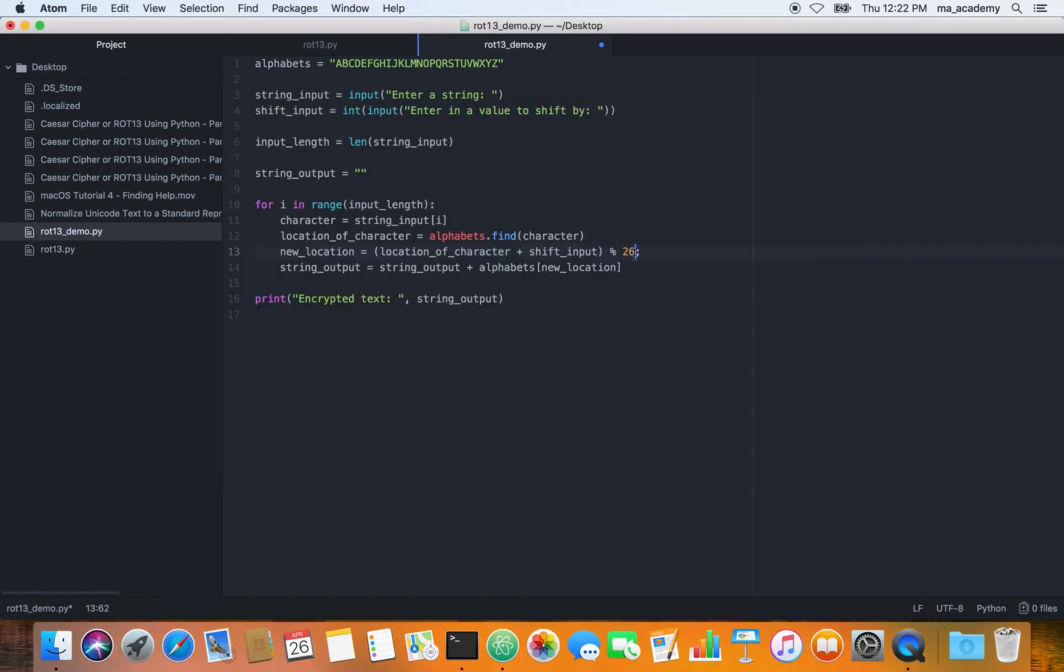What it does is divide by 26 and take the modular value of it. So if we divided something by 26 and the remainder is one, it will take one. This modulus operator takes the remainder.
* * *
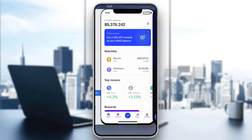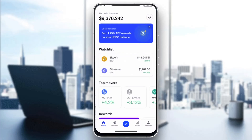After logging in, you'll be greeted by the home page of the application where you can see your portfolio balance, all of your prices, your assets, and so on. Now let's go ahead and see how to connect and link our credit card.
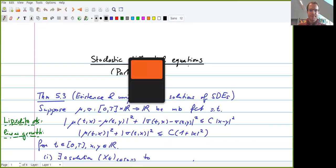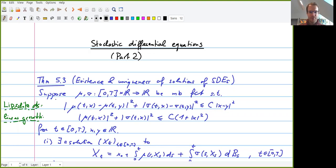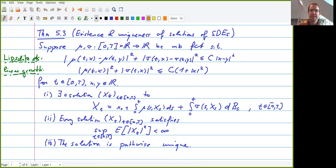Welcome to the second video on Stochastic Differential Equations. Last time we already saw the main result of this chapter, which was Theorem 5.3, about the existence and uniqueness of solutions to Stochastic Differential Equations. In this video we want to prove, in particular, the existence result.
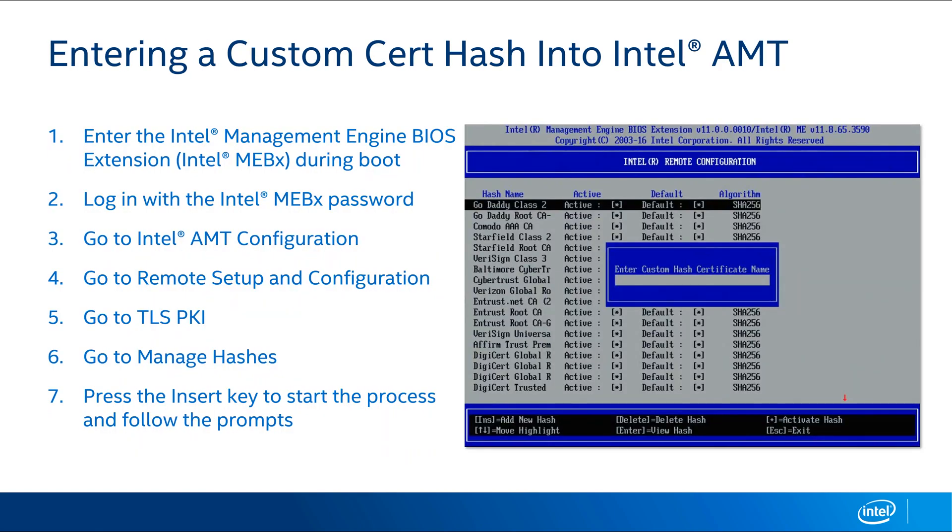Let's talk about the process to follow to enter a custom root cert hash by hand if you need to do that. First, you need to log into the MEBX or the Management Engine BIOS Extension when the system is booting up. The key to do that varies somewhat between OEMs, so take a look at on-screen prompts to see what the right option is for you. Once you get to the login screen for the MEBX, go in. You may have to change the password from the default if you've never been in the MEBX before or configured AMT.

> **Task directions**
What you return must match, character for character, the lines above from the one with "After logging in, you'll" through the one with "Let's talk about", minus any pictures.

> **Result of this task**
After logging in, you'll be greeted by the home page of the application where you can see your portfolio balance, all of your prices, your assets, and so on. Now let's go ahead and see how to connect and link our credit card.
Welcome to the second video on Stochastic Differential Equations. Last time we already saw the main result of this chapter, which was Theorem 5.3, about the existence and uniqueness of solutions to Stochastic Differential Equations. In this video we want to prove, in particular, the existence result.
Let's talk about the process to follow to enter a custom root cert hash by hand if you need to do that. First, you need to log into the MEBX or the Management Engine BIOS Extension when the system is booting up. The key to do that varies somewhat between OEMs, so take a look at on-screen prompts to see what the right option is for you. Once you get to the login screen for the MEBX, go in. You may have to change the password from the default if you've never been in the MEBX before or configured AMT.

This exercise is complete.